The Singular Life of Eddy Dovewater
2003
Nominee Ditmar Award Best Short Story
Agog! Terrific Tales, Agog! Press, ed. Cat Sparks

 

Eddy Dovewater was born running. Squeeze. Slide. Slap. An obligatory wail of disgust and he was free. Exiting the obstetrics ward, he was clocked at nearly fifteen km/hour. Not bad for his height. Forty-five centimetres of baby-pink blur.

"And I thought I'd seen everything," said the midwife, rocking back on her heels. "Now, where's he going in such a hurry?"

But to Eddy's pre-verbal brain, it wasn't so much where he was going, as where he was coming from. Eddy Dovewater had been born before. And this time, he was determined to stay alive.

He might have been short, but he was fast. Spun between the legs of a hospital aide before anybody even began to react. Left the nurse for dust.
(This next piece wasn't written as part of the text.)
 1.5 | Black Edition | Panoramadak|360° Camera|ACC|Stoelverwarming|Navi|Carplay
Still slippery with amniotic fluid, he slid under a guernsey and into the corridor, dodging two astonished ambulance drivers.

By then, Mrs Dovewater had blearily managed to raise her head from the pillow.
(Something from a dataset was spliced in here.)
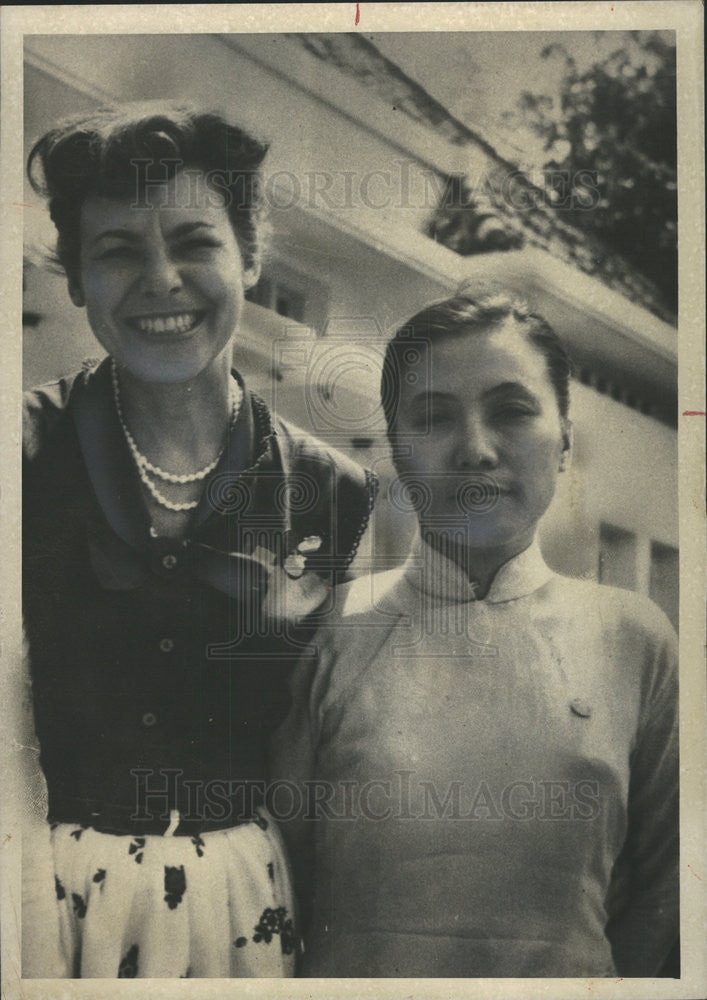 1968 Press Photo Mrs Sidney Lens and Mrs. Nguyen Thi Binh, - Historic Images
"All right, then?" she asked, meaning: is it over yet?

Doctor Kavendar, hands still held out towards the Dovewater womb, ignored her with professional ease.

"We've got a runner!" he shouted, dropping his gloves to the floor with a wet smack.

The door was swinging in Eddy's wake. Doc Kavendar leapt through and into the corridor, just in time to catch a glimpse of Eddy's firm pink bottom disappearing around a corner.

"Forceps!" he shouted. He grabbed a pair of cruel metal fingers from the midwife's collection and took off, white coat flapping. He used to run at med school. They called him Stringbean.